World | Australia
Animal rights campaigners protest planned kangaroo cull
Animal rights campaigners protested a plan to shoot more than 3,000 kangaroos on the fringes of Australia's national capital, as authorities said the marsupials have become too numerous and risk starvation.
Canberra: Animal rights campaigners protested a plan to shoot more than 3,000 kangaroos on the fringes of Australia's national capital, as authorities said yesterday the marsupials have become too numerous and risk starvation.
The Defence Department wants to hire professional shooters to cull the kangaroos - Australia's national symbol, which feature in the country's coat of arms - at two of its properties on the outskirts of Canberra.
Canberra's local administration, the Australian Capital Territory (ACT) government, is expected to decide this week whether to approve the cull, government spokeswoman Yersheena Nichols said.

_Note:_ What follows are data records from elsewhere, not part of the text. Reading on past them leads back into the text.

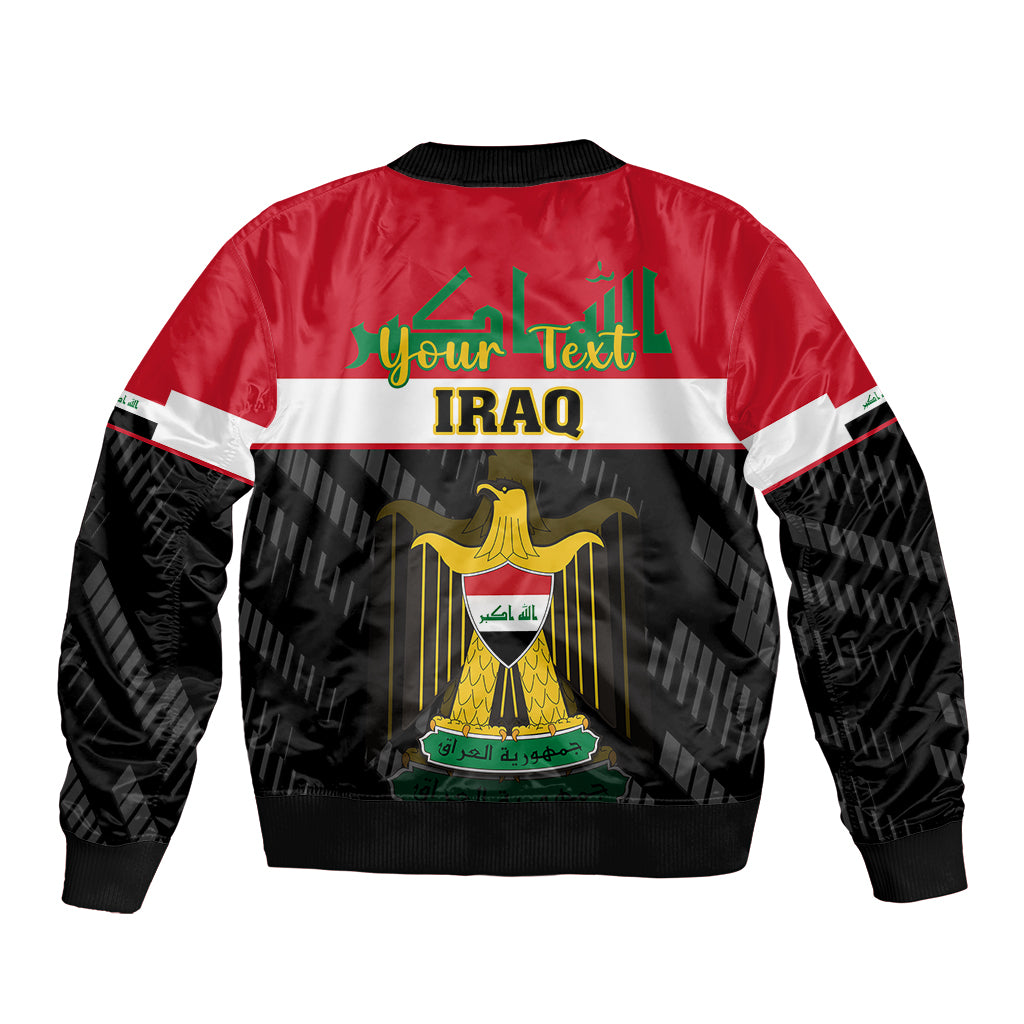 Personalised Iraq National Day Bomber Jacket Iraqi Coat Of Arms With Flag Style - Wonder Print Shop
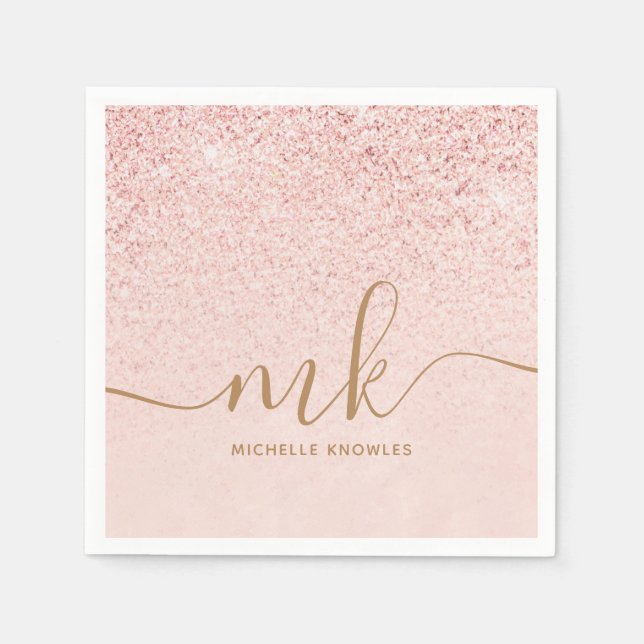 Trendy Rose Gold Glitzer Extravagante Initialen un Serviette (Vorderseite)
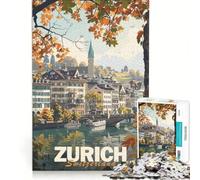 Puzzle per ragazzi da 1000 pezzi città di Zurigo stile minimalista gioco pratico rilassante e stimolante per la mente regalo di compleanno regalo 38x26cm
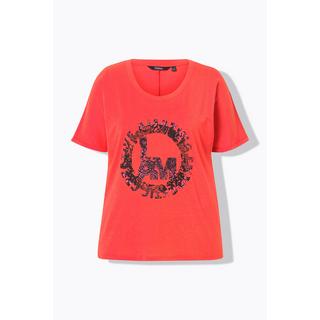 Ulla Popken  T-shirt dal taglio oversize con stampa, scollo a girocollo e mezze maniche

ACT Animal Liberation president Mary Hayes warned the cull would earn the local government an international reputation for cruelty.
'Weeds'
"It is a very cruel, violent way to treat animals,' she told Australian Broadcasting Corp radio.

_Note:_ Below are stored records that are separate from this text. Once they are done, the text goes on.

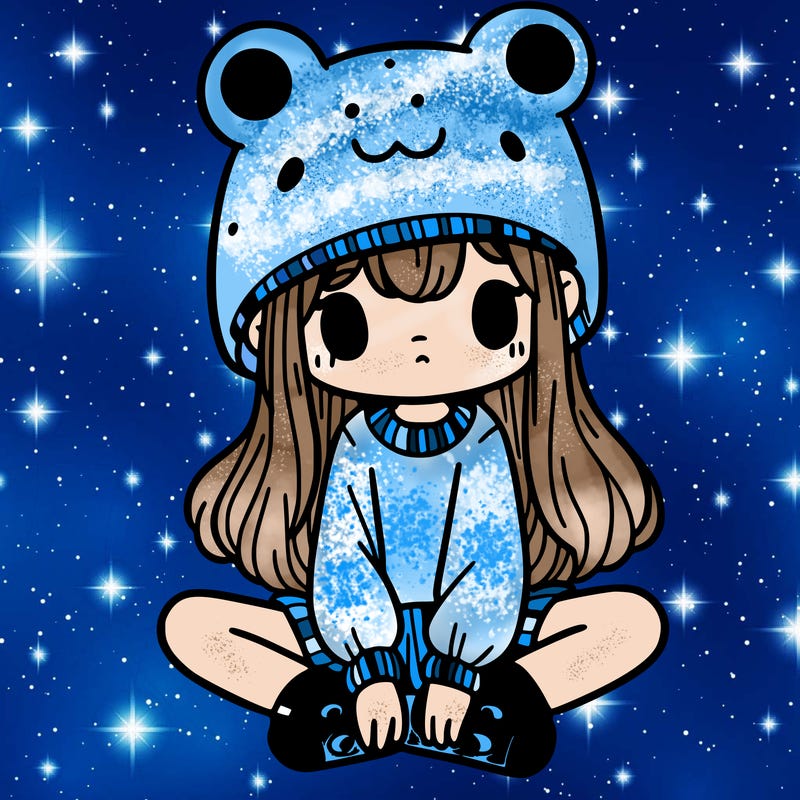 a girl wearing a frog hat and some frog socks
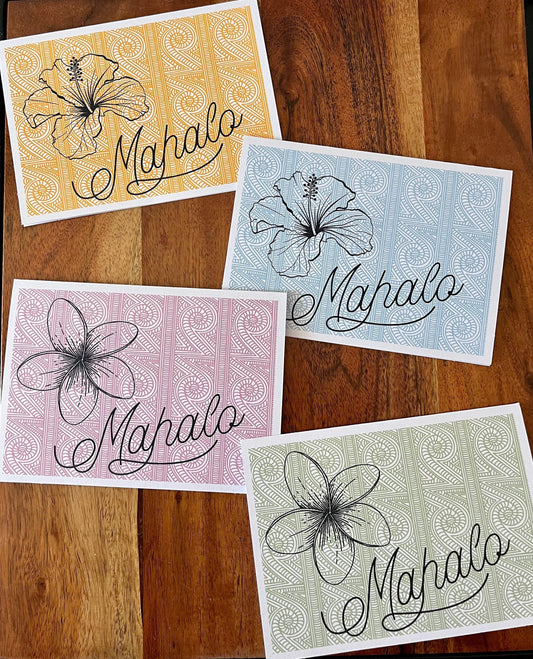 Hawaiian Mahalo Thank You Notecard Set: Tropical Gratitude Stationery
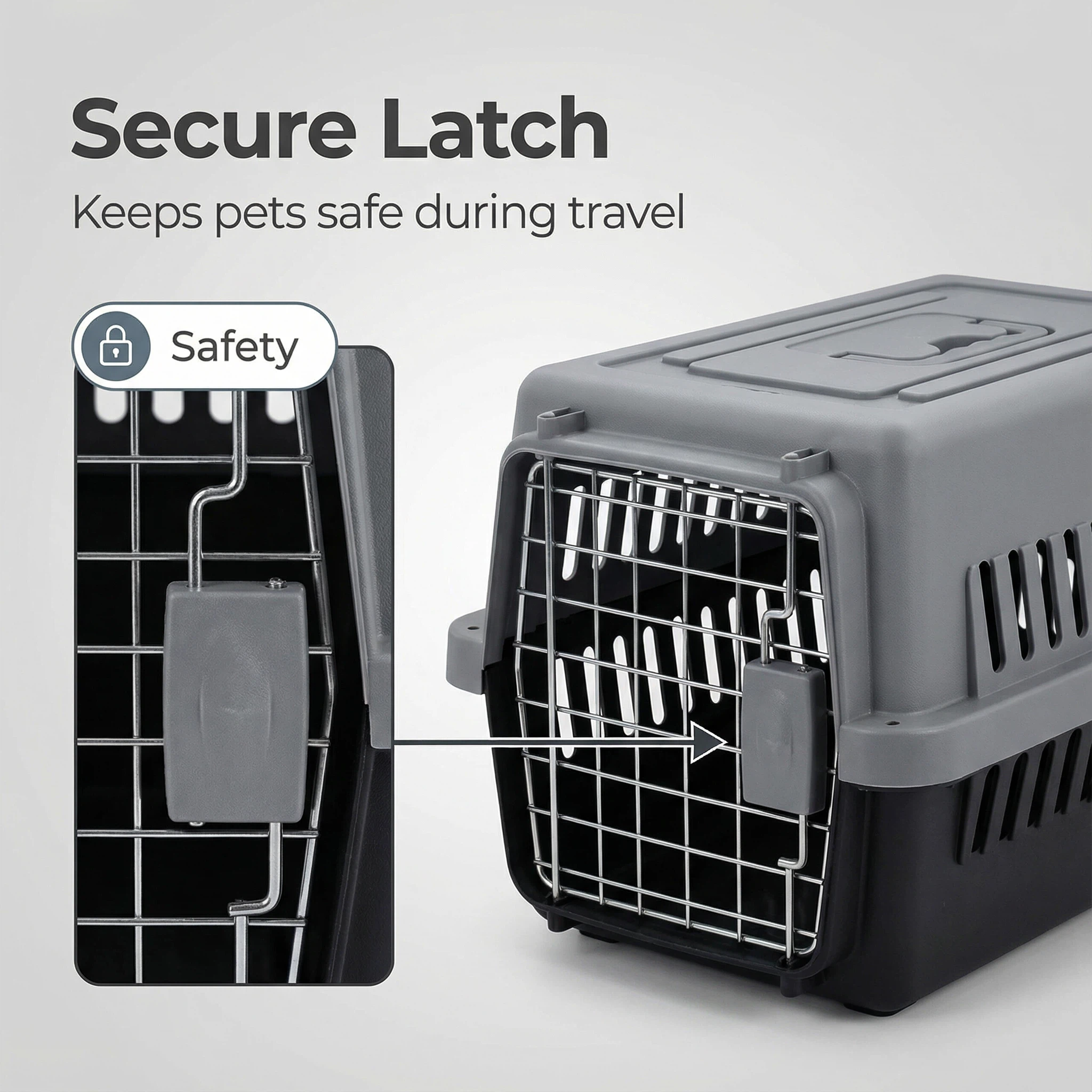 硬塑料宠物笼，带金属门 – 适用于猫狗的安全旅行笼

Hayes said the kangaroos were being treated "as if they were weeds to be mown or pulled out". Under the plan, 3,200 of the common eastern gray kangaroos, which can grow as big as a human, will be shot by July.

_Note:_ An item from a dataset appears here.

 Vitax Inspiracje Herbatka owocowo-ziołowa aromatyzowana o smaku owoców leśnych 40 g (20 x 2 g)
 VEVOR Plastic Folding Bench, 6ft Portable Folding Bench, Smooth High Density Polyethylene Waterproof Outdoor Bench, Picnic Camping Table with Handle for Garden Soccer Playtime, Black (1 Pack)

Queensland state Kangaroo Protection Coalition activist Pat O'Brien rejected the government's argument that the kangaroos risked starvation if they were not killed. "This is just an excuse to kill them," he said.
Scientists soon plan to test an oral contraceptive developed for kangaroos in an attempt to thin their numbers at one of the sites in suburban Belconnen, government ecologist Don Fletcher said.